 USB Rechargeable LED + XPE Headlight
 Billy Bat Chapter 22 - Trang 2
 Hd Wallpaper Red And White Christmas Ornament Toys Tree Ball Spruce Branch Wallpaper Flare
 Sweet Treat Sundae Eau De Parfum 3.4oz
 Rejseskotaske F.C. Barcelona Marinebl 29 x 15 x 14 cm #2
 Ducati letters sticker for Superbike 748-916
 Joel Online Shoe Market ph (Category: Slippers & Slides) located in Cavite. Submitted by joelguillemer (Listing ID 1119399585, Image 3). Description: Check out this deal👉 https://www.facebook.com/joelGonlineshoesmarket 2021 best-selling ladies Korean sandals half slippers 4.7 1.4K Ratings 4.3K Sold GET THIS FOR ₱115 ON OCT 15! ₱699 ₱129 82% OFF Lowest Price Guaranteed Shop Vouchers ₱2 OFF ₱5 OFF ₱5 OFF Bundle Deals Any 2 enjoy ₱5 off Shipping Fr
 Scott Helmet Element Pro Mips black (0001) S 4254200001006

* * * * *

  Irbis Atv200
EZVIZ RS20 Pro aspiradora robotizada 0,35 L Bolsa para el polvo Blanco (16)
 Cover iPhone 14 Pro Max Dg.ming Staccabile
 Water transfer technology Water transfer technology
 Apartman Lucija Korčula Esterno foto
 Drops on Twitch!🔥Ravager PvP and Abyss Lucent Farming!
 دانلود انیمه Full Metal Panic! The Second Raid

* * * * *

• Directions:
Keeping every character as it is, restate the lines above that run from the line with "Irbis Atv200" through the line with "دانلود انیمه Full", both included, and nothing else.

• Response to this task:
  Irbis Atv200
EZVIZ RS20 Pro aspiradora robotizada 0,35 L Bolsa para el polvo Blanco (16)
 Cover iPhone 14 Pro Max Dg.ming Staccabile
 Water transfer technology Water transfer technology
 Apartman Lucija Korčula Esterno foto
 Drops on Twitch!🔥Ravager PvP and Abyss Lucent Farming!
 دانلود انیمه Full Metal Panic! The Second Raid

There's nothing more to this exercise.